Overduin and Kite, Los Angeles, USA
For painters at least, painting is something both primal and primary: the only ancient form of mark-making – even if their diligent work amounts to geometric grids a century on from Piet Mondrian or Expressionist messiness 60 years after Jackson Pollock. (Admittedly, both Mondrian and Pollock created conventions with which any painter has to inevitably contend.)
In the paintings of recent University of Southern California MFA graduate Dianna Molzan, Expressionism is represented not by heroic process but by mimicking its reduced, defanged form (as found in 1980s graphic design). Or in a messy swirl of drips which looks like bird shit on a crossbar, placed below a piece of canvas that could not quite cover its frame – as if the artist ran out of money or canvas (or both) and decided to try finishing the painting regardless. Gridded, hard-edged geometry sits next to the bland, splatter pattern of the formica I recall in the local fast food joints of my youth, down to the outmoded design element of the rakish racing stripe (perhaps one possible end-point for the grids of De Stijl).

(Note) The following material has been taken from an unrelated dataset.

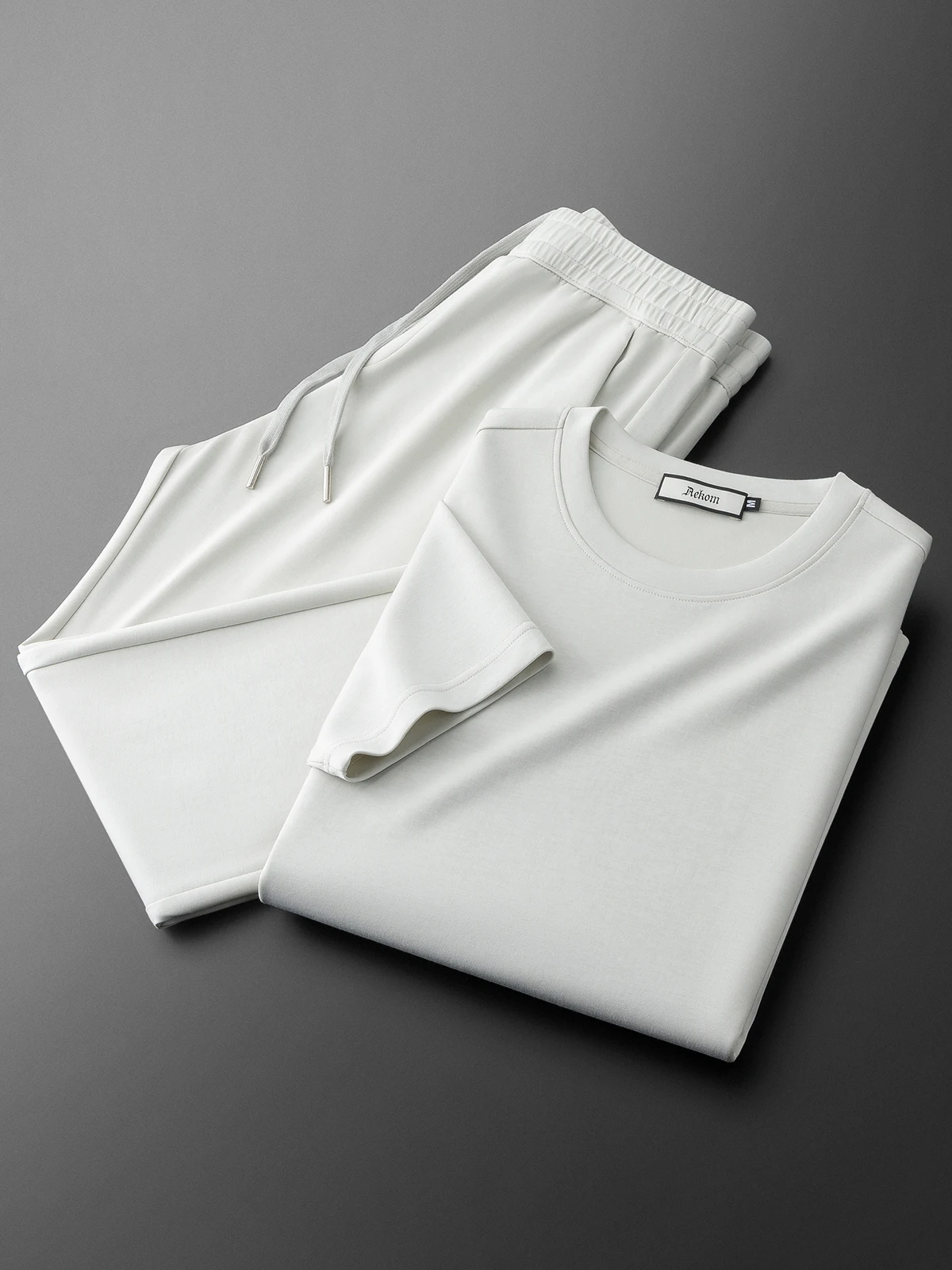 Летний легкий спортивный костюм из модального хлопка класса люкс, повседневный комплект из двух предметов с круглым вырезом и коротким рукавом для мужчин, дышащий, с воздушной прослойкой
Летний легкий спортивный костюм из модального хлопка класса люкс, повседневный комплект из двух предметов с круглым вырезом и коротким рукавом для мужчин, дышащий, с воздушной прослойкой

Given the subtle sculptural quality of the works, they are still firmly grounded in the physical constructs of painting: canvas or linen, canvas bars, paint, all hanging quietly on the wall. But these constructs seem to be only a starting point for a greater investigation that moves well beyond formal concerns. Shifting the painting off the wall and towards a sculptural awareness is hardly a new strategy, but Molzan manages to revive an old gambit through her intense awareness of painting’s recent history and its vulgarized (though not unredeeming and by no means ultimate) conclusion as a mass-produced design element at a Taco Bell near you. This fourth dimension of her work isn’t just her historical awareness of painting, but a narrative play within those classic conventions.
More akin to the delicate (and silly) balancing constructions of Fischli/Weiss than to any particular painting, each of Molzan’s works tells its own strange and subtle story. This brings us to the Agatha Christie-inspired title of the exhibition, ‘The Case of the Strand’. In a flattened cultural terrain, the formal constructs of the whodunnit genre seem comparable to the perceived rules of formalist painting: certain tropes allow for audience expectations to be either indulged or ignored. Since all the works in ‘The Case of the Strand’ are called Untitled (2009), one can’t help but fill in the titles for oneself with names like those of different characters, each a distinct actor in the mute drama of the exhibition. Even the word ‘strand’ serves a multiplicity of functions, referring to the pieces of string that often repeat across the surface of the paintings, the strands of mystery novels and, metaphorically, the different strands of meaning that give complexity to Molzan’s work. Like a whodunnit, if time and energy are given to unraveling the plot, the complex weave of interactions and references, then the finale brings with it a moment of astonishment. Molzan’s expanded play on the historical conventions of painting makes for a rare renewal of potential for the medium.